VOA Learning English
From VOA Learning English, this is the Agriculture Report.

Farmers in the United States are concerned about a possible decrease in the use of ethanol. Ethanol is a liquid fuel made from plants, such as corn. Last November, the Environmental Protection Agency proposed lowering the required amount of ethanol in the nation's gasoline supply. The requirement began in 2007 as part of a law meant to make the US energy independent.

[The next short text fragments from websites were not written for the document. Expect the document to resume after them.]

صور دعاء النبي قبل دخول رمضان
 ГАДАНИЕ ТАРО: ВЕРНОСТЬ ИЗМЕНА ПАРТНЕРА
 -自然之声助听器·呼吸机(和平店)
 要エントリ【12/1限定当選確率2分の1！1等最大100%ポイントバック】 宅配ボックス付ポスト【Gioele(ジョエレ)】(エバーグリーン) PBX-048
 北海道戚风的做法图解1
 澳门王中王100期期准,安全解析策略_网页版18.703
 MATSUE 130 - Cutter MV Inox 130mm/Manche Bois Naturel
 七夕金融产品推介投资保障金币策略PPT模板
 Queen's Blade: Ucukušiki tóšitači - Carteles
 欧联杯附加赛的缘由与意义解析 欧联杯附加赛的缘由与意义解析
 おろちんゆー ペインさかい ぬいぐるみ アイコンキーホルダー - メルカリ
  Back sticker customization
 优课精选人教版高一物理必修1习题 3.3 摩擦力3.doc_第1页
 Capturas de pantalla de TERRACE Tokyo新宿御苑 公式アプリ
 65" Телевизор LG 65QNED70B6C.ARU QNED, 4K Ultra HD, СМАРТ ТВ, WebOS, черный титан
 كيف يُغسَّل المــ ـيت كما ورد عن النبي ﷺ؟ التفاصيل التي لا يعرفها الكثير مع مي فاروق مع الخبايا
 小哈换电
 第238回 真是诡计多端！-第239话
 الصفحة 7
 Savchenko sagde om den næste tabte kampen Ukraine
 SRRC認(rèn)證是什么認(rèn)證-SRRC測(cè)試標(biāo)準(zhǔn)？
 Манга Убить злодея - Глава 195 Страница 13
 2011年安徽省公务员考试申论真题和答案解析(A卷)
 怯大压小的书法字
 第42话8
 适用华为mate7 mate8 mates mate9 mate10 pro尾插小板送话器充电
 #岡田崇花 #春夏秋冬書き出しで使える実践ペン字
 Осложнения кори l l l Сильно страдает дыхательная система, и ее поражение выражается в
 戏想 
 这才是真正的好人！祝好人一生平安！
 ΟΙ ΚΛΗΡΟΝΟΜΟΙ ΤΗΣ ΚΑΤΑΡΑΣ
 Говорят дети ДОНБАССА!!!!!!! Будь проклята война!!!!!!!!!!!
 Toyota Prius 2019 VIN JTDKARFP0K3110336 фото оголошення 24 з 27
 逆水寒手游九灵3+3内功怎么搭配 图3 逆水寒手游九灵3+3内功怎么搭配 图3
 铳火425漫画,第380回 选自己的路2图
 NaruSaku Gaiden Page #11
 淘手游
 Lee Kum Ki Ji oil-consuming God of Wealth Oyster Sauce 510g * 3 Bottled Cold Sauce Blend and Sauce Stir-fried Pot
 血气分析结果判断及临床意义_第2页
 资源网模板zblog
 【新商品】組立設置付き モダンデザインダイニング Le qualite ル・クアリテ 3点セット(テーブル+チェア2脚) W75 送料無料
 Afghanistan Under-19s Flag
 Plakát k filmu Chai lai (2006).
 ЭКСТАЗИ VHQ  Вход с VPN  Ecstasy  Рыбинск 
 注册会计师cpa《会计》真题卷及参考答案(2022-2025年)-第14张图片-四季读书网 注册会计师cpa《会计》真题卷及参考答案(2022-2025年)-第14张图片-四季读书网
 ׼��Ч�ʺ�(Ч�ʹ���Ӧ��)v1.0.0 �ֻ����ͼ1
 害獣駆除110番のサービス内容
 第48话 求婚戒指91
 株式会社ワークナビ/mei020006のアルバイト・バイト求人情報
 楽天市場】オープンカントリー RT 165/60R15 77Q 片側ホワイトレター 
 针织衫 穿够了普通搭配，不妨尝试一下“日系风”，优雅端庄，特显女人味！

The law required fuel manufacturers to mix ethanol into their gasoline to reduce the use of non-renewable fuels. The amount of ethanol in the fuel mixture was to increase over time. That was good news for corn growers like Brian Duncan of Polo, Illinois. He thinks the proposed changes in ethanol requirements will hurt corn sales. Farmers enjoyed some of their best corn harvests in 2013. The price of corn fell from a high of more than seven dollars a bushel. Corn prices rose in 2012. That year, a lack of rain reduced the corn crop. Yet the demand for corn in ethanol production continued.

Craig Turner works for a website called GrainAnalyst.com. He says the United States is using about 9% less gasoline than it used in 2008. Mr. Turner says the reduced use of gasoline means the market does not need any more ethanol. He says less ethanol is needed as more energy-saving automobiles are being manufactured and sold. These vehicles, such as hybrid or electric cars, use less fuel. But farmers like Brian Duncan depended on selling their corn to ethanol producers. He says farmers had been planing on the EPA continuing to require an increase in the use of "green" fuels.

For VOA Learning English, I'm Alex Villarreal.